*Try it*: Copy the data that follows, character for character, minus the pictures.

*Provided data*:
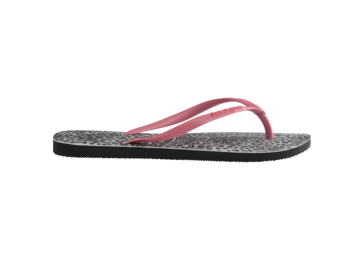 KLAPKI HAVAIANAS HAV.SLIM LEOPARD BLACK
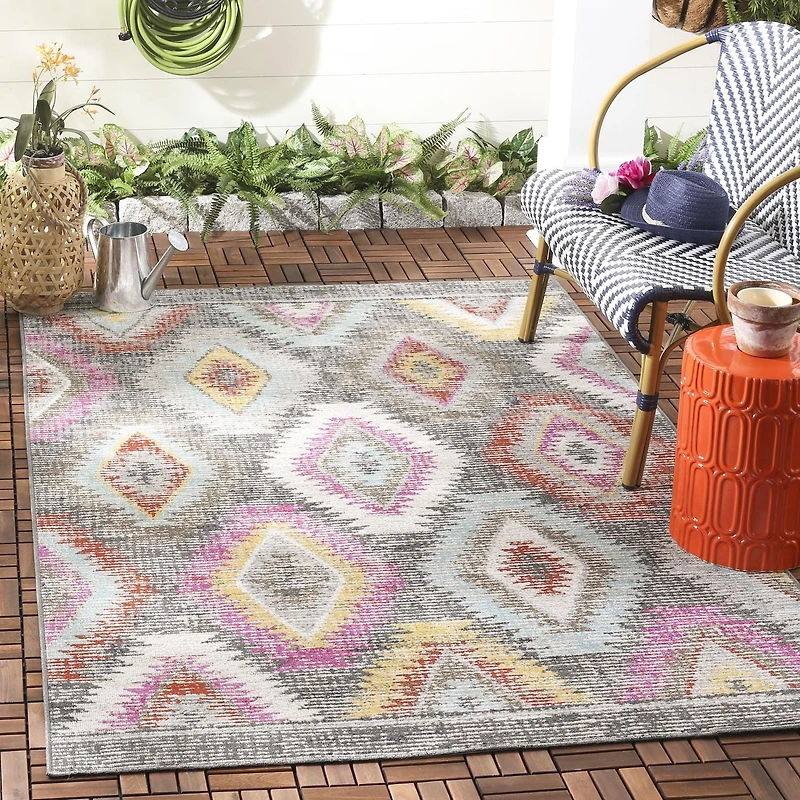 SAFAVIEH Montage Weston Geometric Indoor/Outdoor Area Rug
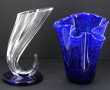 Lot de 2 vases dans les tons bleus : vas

*Finished task*:
 KLAPKI HAVAIANAS HAV.SLIM LEOPARD BLACK
 SAFAVIEH Montage Weston Geometric Indoor/Outdoor Area Rug
 Lot de 2 vases dans les tons bleus : vas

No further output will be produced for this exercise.